Requirement number 1, 4 and 5 leads us in the direction of the prevailing jackscrew system used on most airliners, Figure 2.

Figure 2. The horizontal stabilizer trim system of the 737. Source: Boeing and Leeham Co.

It has the advantage of simplicity with the control done with an electric motor that can drive the jackscrew in both directions. In the case of the 737, there is a manual backup via a drum with cables that connect with the trim wheels in the cockpits. The gearing of the manual system is such a pilot can grab the wheel and stop the motor and jackscrew from moving.

The reliability record of the motor/jackscrew assembly is very good. What has failed is the relays and switches for the electric drive to the motor. There have been instances where a stuck switch or relay has driven the system continuously in one direction. This is why the electric drive has travel limiting switches which take away all power to the motor, should a runaway happen, satisfying requirement 4.

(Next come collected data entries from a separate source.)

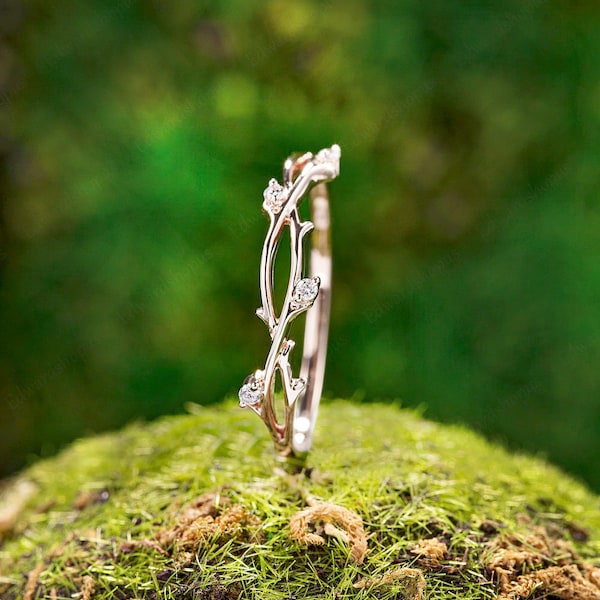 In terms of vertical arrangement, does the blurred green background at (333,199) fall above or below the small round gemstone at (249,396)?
above

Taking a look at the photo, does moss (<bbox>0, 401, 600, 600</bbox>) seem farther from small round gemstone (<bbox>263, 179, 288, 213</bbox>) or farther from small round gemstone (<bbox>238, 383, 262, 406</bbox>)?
small round gemstone (<bbox>263, 179, 288, 213</bbox>)

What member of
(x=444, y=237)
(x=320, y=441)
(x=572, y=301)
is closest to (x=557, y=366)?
(x=572, y=301)

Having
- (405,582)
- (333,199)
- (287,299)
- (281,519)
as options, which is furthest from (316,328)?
(333,199)

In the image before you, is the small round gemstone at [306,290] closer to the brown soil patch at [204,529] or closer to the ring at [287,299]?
the ring at [287,299]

In addition, the pilot has two further switches to cut power to the motor, one pair sensing his “hold against” force on the yoke (called Colum Cutout Switches in Figure 2) and an additional pair as the last resort on the trim column pedestal (Trim Cutout Switches in Figure 2).

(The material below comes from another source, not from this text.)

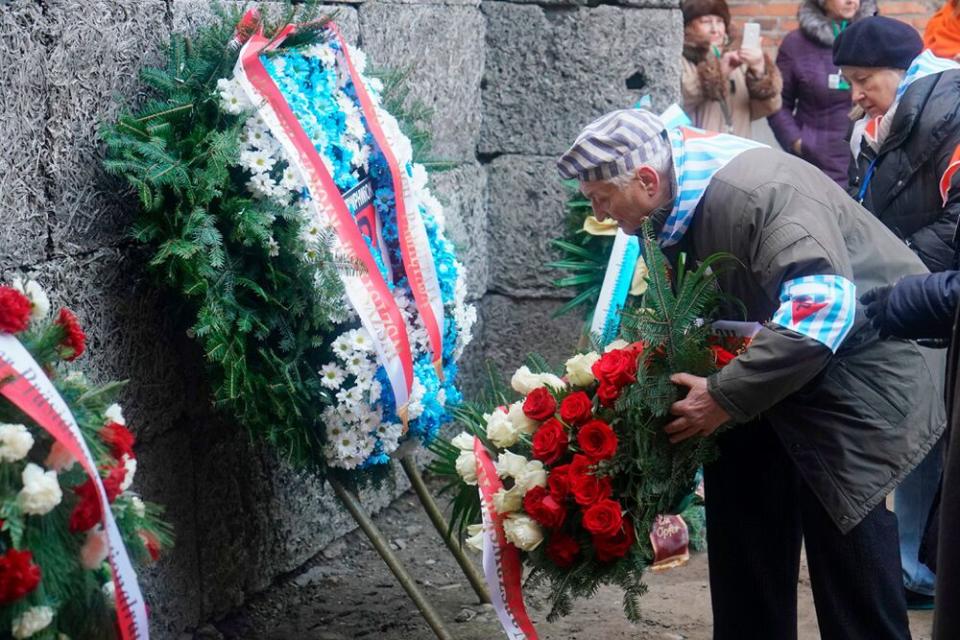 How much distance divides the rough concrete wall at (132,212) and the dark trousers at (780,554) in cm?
123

The “hold against” switches can’t be active during the instability phase of the curve as by definition this is a case where the pilot is pulling hard on the yoke. If the “hold against”switches are active at this phase they take away the pitch argumentation, which is not what we want.

Requirement number 5 is satisfied by switches triggered by the stabilizer movement, cutting the drive to the motor when predefined travel limits are reached.

Use of the trim system for stability augmentation

When we want to use the system for fixing our moment curve in Figure 1 we run into some challenges. The build-up of the force to counteract a pitch-up must be sufficiently fast to stop the pitch-up movement.

The trim system is built to offer a sufficient trim speed to satisfy the Pilots’ and Autopilot’s need for trim. This is often a speed that is slower than needed for augmentation.

For the 737 the normal manual trim speed of 0.2 degrees per second was enough to counter a pitch-up tendency at high speed (the windup turn case). At a low-speed pitch up above 10° Angle of Attack (AoA), the normal trim speed was to slow. It applied the nose downforce to late to neutralize the pitch-up tendency which would bring the aircraft closer to stall without the pilot’s intention to do so.

The trim system had a second, faster speed of 0.27 degrees per second, used for the larger movements needed at the low speeds when flaps and slats are deployed (low Q). The low-speed augmentation of the 737 used this higher speed to neutralize the pitch up above 10° AoA.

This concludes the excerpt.